Caption-style text data:
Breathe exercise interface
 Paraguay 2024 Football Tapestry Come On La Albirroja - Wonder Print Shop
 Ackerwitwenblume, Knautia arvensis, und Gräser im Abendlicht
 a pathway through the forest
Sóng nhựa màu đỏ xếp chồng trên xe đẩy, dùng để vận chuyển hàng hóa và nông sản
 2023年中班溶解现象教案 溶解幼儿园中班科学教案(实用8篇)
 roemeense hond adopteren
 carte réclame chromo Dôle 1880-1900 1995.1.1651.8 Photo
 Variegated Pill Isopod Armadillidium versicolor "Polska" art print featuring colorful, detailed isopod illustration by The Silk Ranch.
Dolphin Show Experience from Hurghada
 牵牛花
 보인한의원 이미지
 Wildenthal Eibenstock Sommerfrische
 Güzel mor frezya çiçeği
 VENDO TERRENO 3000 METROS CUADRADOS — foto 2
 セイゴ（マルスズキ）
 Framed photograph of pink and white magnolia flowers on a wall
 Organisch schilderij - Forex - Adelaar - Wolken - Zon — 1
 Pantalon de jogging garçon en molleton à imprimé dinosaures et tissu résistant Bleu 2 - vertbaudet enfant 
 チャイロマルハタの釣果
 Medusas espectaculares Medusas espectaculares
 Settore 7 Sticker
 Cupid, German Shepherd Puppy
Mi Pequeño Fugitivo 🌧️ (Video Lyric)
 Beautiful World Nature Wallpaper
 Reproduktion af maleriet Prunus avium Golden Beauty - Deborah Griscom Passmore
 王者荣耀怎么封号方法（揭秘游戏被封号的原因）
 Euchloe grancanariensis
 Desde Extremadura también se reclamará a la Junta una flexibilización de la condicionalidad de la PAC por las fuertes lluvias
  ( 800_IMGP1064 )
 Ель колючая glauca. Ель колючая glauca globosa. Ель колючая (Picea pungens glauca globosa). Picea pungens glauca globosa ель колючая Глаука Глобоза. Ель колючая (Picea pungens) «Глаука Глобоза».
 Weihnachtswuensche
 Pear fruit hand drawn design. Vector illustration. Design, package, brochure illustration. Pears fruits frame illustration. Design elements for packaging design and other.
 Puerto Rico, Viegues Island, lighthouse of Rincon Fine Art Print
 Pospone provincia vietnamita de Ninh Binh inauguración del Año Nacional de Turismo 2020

** ACTIVITY **
Which lines above run from the one containing "Beautiful World Nature Wallpaper" down to the one containing "( 800_IMGP1064 )"? Repeat exactly those, both ends included, and nothing else.

** EXERCISE SOLUTION **
 Beautiful World Nature Wallpaper
 Reproduktion af maleriet Prunus avium Golden Beauty - Deborah Griscom Passmore
 王者荣耀怎么封号方法（揭秘游戏被封号的原因）
 Euchloe grancanariensis
 Desde Extremadura también se reclamará a la Junta una flexibilización de la condicionalidad de la PAC por las fuertes lluvias
  ( 800_IMGP1064 )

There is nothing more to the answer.